Le Comité consultatif sur les entreprises à capital fermé, dans ses recommandations au CNC, a indiqué que les NCECF devaient être fondées sur des principes plutôt que des règles précises, demeurer simples, et faire appel au jugement professionnel. C’est dans cet esprit que les NCECF comportent maintenant peu d’exemples et de règles précises comme en contenaient auparavant les normes de la Partie V et les CPN. Ainsi, lorsqu’une question peut être résolue par l’exercice du jugement professionnel, le CNC n’ajoute aucune règle aux NCECF.

Un article paru dans le Bulletin CPA de septembre 2013 donne un exemple éloquent de cette simplification des NCECF. Dans les normes pré-basculement de la Partie V du Manuel, les directives liées aux produits totalisaient plus de 33 000 mots, plusieurs se trouvant dans les CPN. Dans les NCECF, seul le chapitre 3400 traite de la constatation des produits, et il comporte moins de 3 000 mots.

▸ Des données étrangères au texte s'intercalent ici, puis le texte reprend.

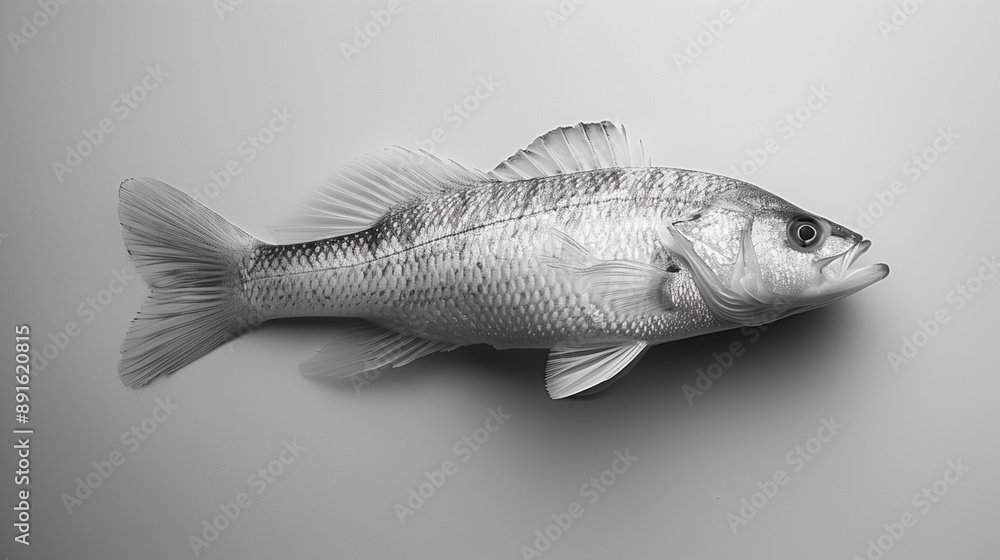 A minimalist black and white flat lay shot of a detailed fish. The intricate scales and fins are highlighted against a plain background, showcasing the beauty and simplicity of marine life. A minimalist black and white flat lay shot of a detailed fish. The intricate scales and fins are highlighted against a plain background, showcasing the beauty and simplicity of marine life.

Pas étonnant que plusieurs préparateurs d’états financiers et professionnels en exercice constatent de plus en plus que les NCECF laissent place au jugement professionnel.

Le recours au jugement professionnel peut être, dans certains cas, insécurisant, car deux professionnels aussi compétents l’un que l’autre peuvent, dans un même contexte, arriver à des conclusions différentes. Pour justifier un  traitement comptable, plusieurs CPA ont donc le réflexe de s’inspirer des CPN de la Partie V du Manuel, des IFRS ou des principes comptables généralement reconnus américains (US GAAP) pour combler le manque de précision des NCECF.

Le recours à un autre référentiel est-il acceptable ?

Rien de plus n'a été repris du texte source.